Note to Self – don’t need books, don’t walk into bookshops

It even has a cool abstract cover!I’m quite lucky.  Where I live we have a wide selection of bookshops.  In fact I am doubly lucky that I have two great charity bookshops that not only have a great selection but you get that “I’m doing good” glow by buying from them.  Cheap too.

I found this gem on the shelf:  Interzone – The 1st Anthology.

The reason I picked it up was that I was quite impressed by the authors published in the book.  They’re not all who I would’ve thought of for mid 80s SF. It’s quite a list:  Geoff Ryman, JG Ballard (!), Kim Newman and… Angela Carter (!!).  I am quite surprised by this last one as I wouldn’t have expected to see her listed in a SF anthology*.  In fact it was this breadth of talent and reputation and got me to pick up and buy the book.
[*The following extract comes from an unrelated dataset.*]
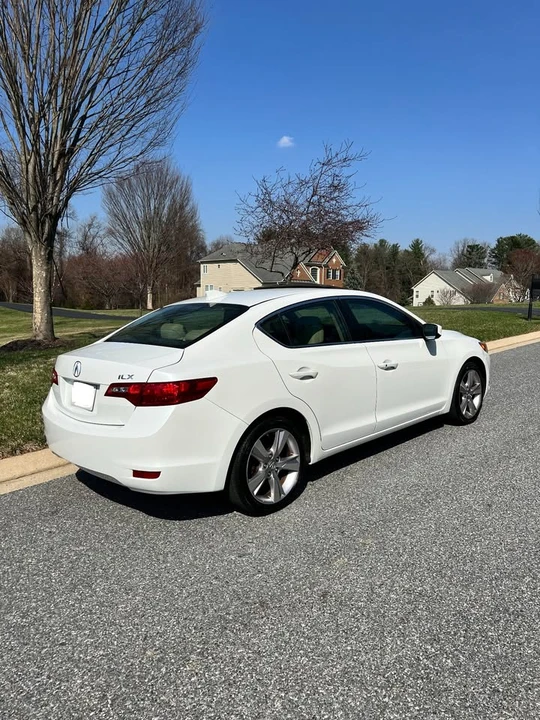 2014 Acura ILX - Image 6 of 20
Now I might be over generalising but it seems to me that, these days, anthologies seem to contain only work from people known within the genre.  Perhaps the borders of what constitutes a worthy story are much harder.  Or perhaps I am just not reading as many anthologies as I used to.
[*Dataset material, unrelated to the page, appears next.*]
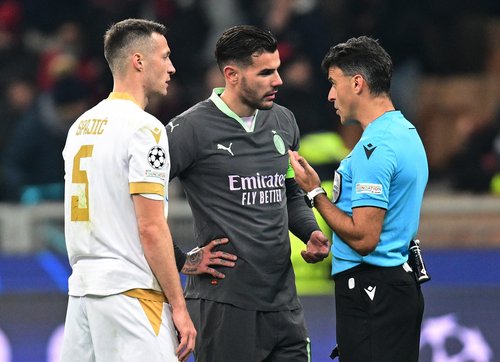 Champions League - AC Milan v Crvena Zvezda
The first paragraph of the introduction, written in 1985, seems oddly prophetic today:

Here are thirteen stories about the way things are going to be.  It has been a long century for the world, and there is much to talk about. In 1985, we have already been told a good deal.  We have been told that the fabric of life, having gone rotten in 1914,has been replaced by synthetic fibres, which itch terribly.  We have been told that the novel, through which earlier generations learned how to make sense of life, has died, because the stable organic culture it described has given way.  No longer, we have been told , can fiction cope with the harrowing speed and indeterminacy and scale of the catastrophes presently shaking this small planet apart.